前文に関しては、マッカーサー草案が作成されるまでの経過はさほど錯綜していないようである。原案はハッシーにより作成され、それにその後の運営委員会において、平和的生存権について述べた第2段の末尾の文章……と普遍的な政治道徳の法則の遵守を述べた第3段……が加えられた。また字句・表現の修正も若干なされた。この前文の案には、アメリカの著名な諸文書や国際文書が参考にされた、とみられる。
周知の通り、マッカーサー草案が日本側に手渡されたのは1946(昭和21)年2月13日で、その後連合国最高司令官総司令部、いわゆる総司令部(GHQ)と日本側の間で種々やりとりがあり、結局2月22日の閣議マッカーサー草案の受入れが決定される。そこで政府はマッカーサー草案に基づく改正案の起草にかかるが、その最初のものが一般に3月2日案と呼ばれ、それが総司令部の督促に従い、3月4日に総司令部に提出される。この案では前文は削られている。その理由は大日本帝国憲法(いわゆる明治憲法)の憲法改正条項である73条、それによれば、憲法改正は勅令によってのみ帝国議会の議に付せられるが、その規定と「我等日本国人民ハ、……此ノ憲法ヲ制定確立ス」という前文が抵触すると考えられたからである。わが国のこのような立場は、明治憲法との連続性を確保しようとした総司令部の考えとは対立しないが、他面「日本国国民ノ自由二表明セル意思」により憲法はつくられるべき、とするポツダム宣言の要求には反するので総司令部の認めるところとならなかった。
こうして総司令部の要求から前文は改正案に盛られると同時に内容的に一切変更を認めないとされる。

これらの記載からすると、憲法の前文もGHQから押し付けられ、幾つかの法律にも書いてしまったので、法制執務的観点から意味を見出そうとしたけれど、なかなか難しいといったところだろうか。
なお、上記のGHQが前文の変更を許さなかった理由の1つに、同書(P74)では、細部の手直しという形で総司令部案の基本原則をなし崩しにされてしまうというおそれからであったということを挙げている。
したがって、行政を拘束するために基本原則等を前文に掲げるような場合には、前文もそれなりに意味があると言えるのかもしれない。ただ、基本法などは、基本原則等は本則で規定されることも多いので、あえて前文を付す意味も、その限りではなくなってきていることになる。
ところで、憲法の前文の意義については、同書(P76)には、次のように記載されている。

憲法前文は、一般に、二重の意義をもつといわれる。

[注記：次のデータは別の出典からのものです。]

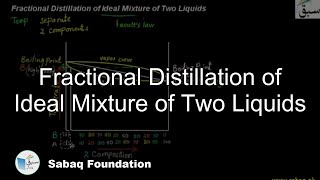 Fractional Distillation of Ideal Mixture of Two Liquids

一つは政治的あるいは象徴的な意味であり、前文により導かれる憲法の主義や主張を、明文で語ることまたは語らないことによって、前文は明らかにし、場合によっては象徴化する。二つは法的意味であり、前文の規定全体あるいはその一部に法的価値が認められることにより生ずる。

後者の法的意味は、前文に限ったこととはいえないであろうから、前文独自の意義ということであれば、前者の政治的・象徴的な意味ということになろうか。ただ、あくまでも、政治的・象徴的な意味である。どうも、法制執務的には、プラスの評価もマイナスの評価もしかねる。
結論としては、私は、前文の意義について、今のところ全く意見を持っていない。条例の提案者(首長又は議員)が意味があると感じて書きたいと言うのなら、好きにすればいいというスタンスである。

*1:佐藤達夫法制執務提要』を指す。